04.03.14
Lottery money should be redirected to arts & heritage, say councils
Councils are calling for a review of lottery money to re-focus it on heritage and the arts.
These are the good causes that the lottery “was originally designed to help”, council leaders have said – and thanks to severe cuts, they need help more than ever.
They have called for a “frank and open discussion” about the future of lottery funding.
The LGA said: “Councils spend £540m every year on the arts, museums, galleries, theatres and heritage. However, councils will have experienced a 40% cut in government grants by the end of this parliament, having an inevitable impact on the enhancement to the quality of local people's lives that a thriving local culture brings. Local authority areas can also expect to receive less of a boost from Arts Council England (ACE), as they face cuts of 17% over the next two years in non-lottery funding, as it falls from £327.5m in 2014/15 to £271m in 2015/16.”
The long-term future of thousands of museums, galleries and arts initiatives are in question, as cash is refocused on statutory services such as social care and waste management.
The LGA argues that some BIG Lottery Fund areas are “already crowded” with government support via policies and programmes, meaning money could be redirected.
Cllr Flick Rea MBE, who chairs the LGA's Culture, Tourism and Sport Board, said: “Museums, leisure centres and heritage attractions could get a huge boost if the Government reviewed lottery funding and stripped out duplication with other Government programmes that is contrary to the founding additionality principle of the National Lottery.
“Since its inception the National Lottery has given billions of pounds to good causes and our country is a more culturally rich and diverse place because of it. However, as funding continues to get cut and council budgets are getting increasingly tighter, we now need to have a conversation around how money is allocated and ensure that it is ending up where it is needed the most.

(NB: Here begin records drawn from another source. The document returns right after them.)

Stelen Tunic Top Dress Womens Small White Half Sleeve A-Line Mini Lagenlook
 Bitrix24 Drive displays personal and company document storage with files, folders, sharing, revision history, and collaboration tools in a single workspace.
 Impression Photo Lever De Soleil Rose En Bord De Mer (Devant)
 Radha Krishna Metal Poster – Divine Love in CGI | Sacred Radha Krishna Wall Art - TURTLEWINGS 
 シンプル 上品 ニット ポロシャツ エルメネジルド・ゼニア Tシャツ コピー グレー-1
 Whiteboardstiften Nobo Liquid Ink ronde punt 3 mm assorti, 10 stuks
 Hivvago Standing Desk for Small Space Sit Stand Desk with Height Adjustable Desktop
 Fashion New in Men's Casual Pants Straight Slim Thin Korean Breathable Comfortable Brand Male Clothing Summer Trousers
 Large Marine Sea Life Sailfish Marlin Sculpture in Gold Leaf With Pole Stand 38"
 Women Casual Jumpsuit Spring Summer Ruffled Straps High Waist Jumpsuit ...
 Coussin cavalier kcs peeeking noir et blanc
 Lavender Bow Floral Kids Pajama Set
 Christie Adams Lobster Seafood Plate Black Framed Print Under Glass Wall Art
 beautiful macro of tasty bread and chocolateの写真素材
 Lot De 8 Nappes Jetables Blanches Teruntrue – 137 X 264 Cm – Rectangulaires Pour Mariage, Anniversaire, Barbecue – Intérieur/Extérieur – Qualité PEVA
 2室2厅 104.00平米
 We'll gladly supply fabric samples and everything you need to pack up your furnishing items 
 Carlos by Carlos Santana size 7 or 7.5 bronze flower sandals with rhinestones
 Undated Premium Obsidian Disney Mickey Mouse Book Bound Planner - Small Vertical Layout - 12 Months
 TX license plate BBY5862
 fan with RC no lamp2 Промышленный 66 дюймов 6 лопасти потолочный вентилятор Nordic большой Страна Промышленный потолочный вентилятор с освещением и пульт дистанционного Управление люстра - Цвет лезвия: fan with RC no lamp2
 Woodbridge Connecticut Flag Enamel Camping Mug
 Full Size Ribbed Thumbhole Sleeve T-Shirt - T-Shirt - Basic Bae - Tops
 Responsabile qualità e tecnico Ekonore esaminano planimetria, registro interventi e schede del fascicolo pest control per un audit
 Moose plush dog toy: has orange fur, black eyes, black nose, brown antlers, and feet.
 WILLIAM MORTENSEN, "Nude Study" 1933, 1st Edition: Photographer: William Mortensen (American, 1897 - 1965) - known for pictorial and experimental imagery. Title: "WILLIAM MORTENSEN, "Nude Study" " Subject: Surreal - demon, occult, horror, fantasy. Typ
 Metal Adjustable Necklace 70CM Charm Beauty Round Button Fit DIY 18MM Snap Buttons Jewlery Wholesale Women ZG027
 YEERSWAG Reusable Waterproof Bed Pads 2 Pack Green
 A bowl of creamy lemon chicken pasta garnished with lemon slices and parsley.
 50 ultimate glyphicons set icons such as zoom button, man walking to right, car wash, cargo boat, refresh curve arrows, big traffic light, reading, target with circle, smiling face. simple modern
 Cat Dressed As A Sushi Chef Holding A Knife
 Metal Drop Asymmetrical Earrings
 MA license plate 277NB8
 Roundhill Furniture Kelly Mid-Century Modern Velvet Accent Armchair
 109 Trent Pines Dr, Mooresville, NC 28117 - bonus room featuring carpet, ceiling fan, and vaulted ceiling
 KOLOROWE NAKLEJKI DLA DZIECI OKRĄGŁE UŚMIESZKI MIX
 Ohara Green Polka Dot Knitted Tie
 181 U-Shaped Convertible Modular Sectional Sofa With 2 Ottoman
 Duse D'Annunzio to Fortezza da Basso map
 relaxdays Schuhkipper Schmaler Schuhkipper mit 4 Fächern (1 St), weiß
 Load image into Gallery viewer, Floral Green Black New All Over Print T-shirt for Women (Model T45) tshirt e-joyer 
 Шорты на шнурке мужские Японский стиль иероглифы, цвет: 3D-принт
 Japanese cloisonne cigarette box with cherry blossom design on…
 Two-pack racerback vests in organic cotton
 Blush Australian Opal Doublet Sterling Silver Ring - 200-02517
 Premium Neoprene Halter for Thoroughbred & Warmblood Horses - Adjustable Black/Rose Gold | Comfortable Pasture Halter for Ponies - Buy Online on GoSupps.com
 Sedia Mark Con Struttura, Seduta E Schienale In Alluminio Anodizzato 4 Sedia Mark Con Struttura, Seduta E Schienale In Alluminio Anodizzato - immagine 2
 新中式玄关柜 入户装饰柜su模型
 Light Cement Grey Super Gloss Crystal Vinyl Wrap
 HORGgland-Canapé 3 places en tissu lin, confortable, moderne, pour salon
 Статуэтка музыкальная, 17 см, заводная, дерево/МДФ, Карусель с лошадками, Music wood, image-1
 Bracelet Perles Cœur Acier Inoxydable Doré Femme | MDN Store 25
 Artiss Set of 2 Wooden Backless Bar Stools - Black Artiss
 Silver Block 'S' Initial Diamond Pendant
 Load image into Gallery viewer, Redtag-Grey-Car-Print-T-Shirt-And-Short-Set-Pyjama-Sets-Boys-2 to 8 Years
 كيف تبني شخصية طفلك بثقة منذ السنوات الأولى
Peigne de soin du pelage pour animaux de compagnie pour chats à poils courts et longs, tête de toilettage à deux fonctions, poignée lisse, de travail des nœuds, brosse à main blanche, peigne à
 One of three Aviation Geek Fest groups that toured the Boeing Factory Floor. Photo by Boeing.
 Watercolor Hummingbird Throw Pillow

“Councils have worked hard to protect their arts, heritage and sport funding over the past few years and strived to find innovative ways to link it to economic and growth priorities. However, the Government's decision to continually focus its most severe cuts on councils, which deliver hundreds of services on which millions of people rely each day, is inevitably having an impact on the arts, heritage and sport, and the additional boost provided by lottery funding is ever more important.”